December 1, 2005, 2.54pm 3 comments » • 785 Views

The social web is an anti-PR tool extraordinaire

First we had marketing via Flickr. Now say hello to anti-PR, social web style.

I’m a big admirer of Thomas Hawk’s photos (not to mention his blog and podcast) on the popular picture sharing community. But screw Hawk over and he won’t think twice about launching an all-out anti-PR assault against you.

When Thomas ordered a $3,000 camera from Brooklyn-based PriceRitePhoto, he was met with a phone call forcing him to buy unwanted accessories. After declining, he got another call to say the camera was not available. Thomas said he was going to rat on this poor practice by writing an online article, but was met on Tuesday with a barrage of abuse and legal threats.

How did this play out… ?

There’s only so long a web meme can generate this kind of buzz without breaking through into the “mainstream” media (if there is any such thing anymore). Expect Thomas’ case to be covered by them soon.

Clearly, the message here is that retailers can no longer expect to (allegedly) mistreat customers and get away with it anymore.

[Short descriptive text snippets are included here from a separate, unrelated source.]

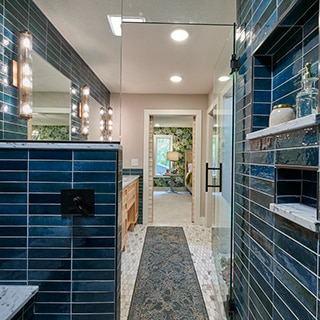 Shower with blue glazed porcelain wall tile, marble shelves & bench, brass & glass sconces, elongated hex mosaic marble floor tile.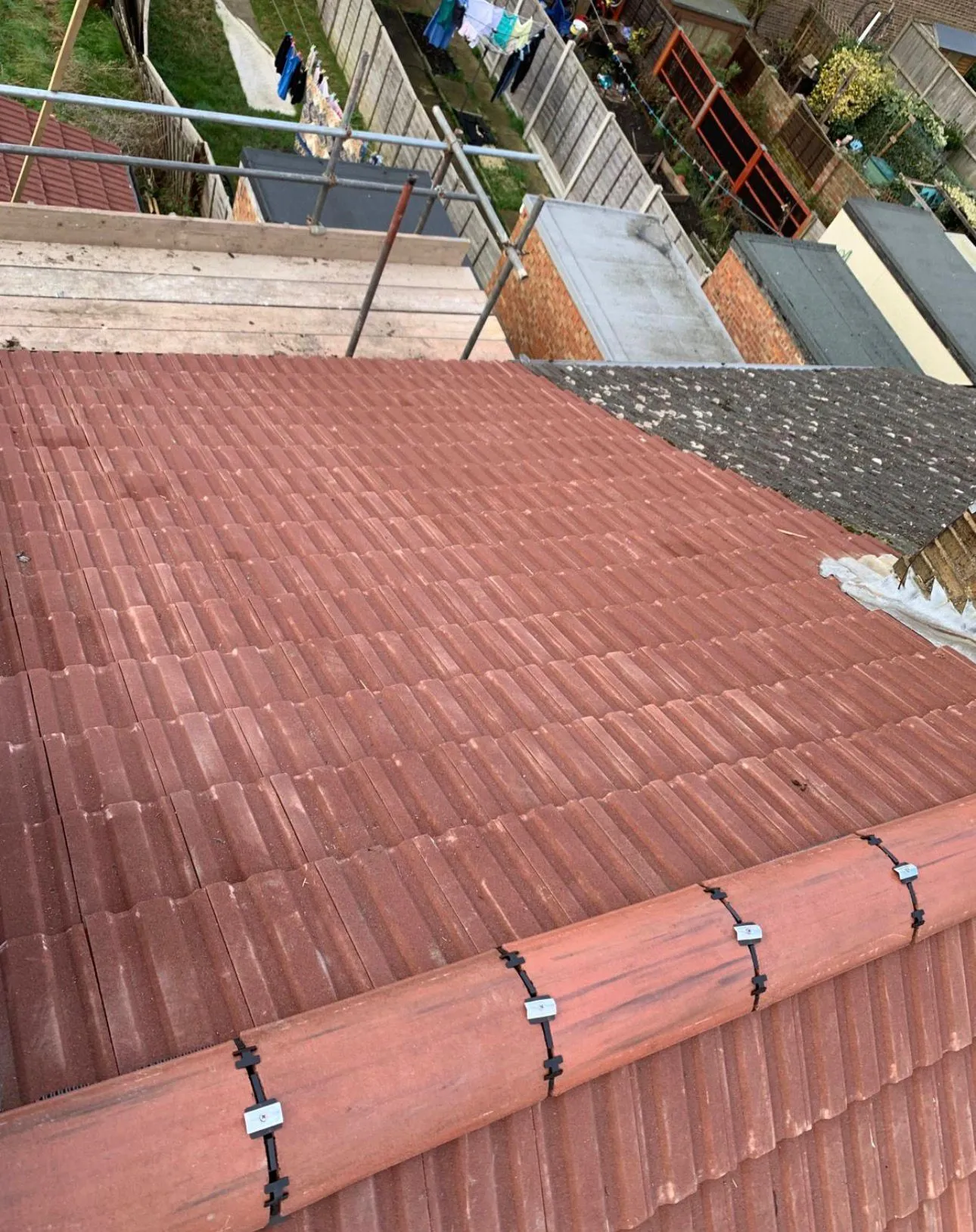 Professional roof tiling installation with a dry ridge system by Century Roofing and Building in Kent.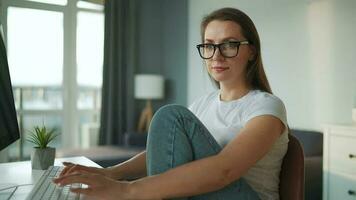 casualmente vestito donna con cuffie Lavorando con un' computer e smartphone a casa nel un' accogliente ambiente. a distanza opera video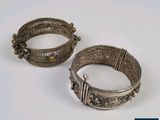 une paire de bracelets en argent posés sur une surface blanche avec un fond bleu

It’s not just that victims can blog their experience. In the emerging ecology of social content proliferation - in which messages gain a high-definition audience of very interested participants extremely quickly - the mere mention of wrongdoing will attract an army of pro-consumer co-conspirators, eager to help, who will never be a customer to such a company again. Call it benevolent Big Brother, the consumer champion.

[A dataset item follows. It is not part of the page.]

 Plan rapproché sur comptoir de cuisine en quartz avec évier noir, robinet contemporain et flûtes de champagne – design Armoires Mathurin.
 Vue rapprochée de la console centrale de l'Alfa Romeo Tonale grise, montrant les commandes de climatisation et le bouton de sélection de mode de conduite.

I have endured similar, albeit on a much smaller scale. This time last year, the aluminium surface of my Apple Powerbook began to corrode. This was only months after purchase and it is a known problem the Powerbook suffers from, even though Apple claims it is merely a cosmetic issue. I posted photographic evidence to Flickr and took advice from people there.

I was recently stiffed again by a small computer repair store that deliberately sent my machine for destruction without permission whilst it was in for assessment. In fact, one wonders if that’s really what happened to the machine. Were this incident not scheduled to come before a small claims court next year, I would have taken the Thomas Hawk approach to anti-marketing months ago.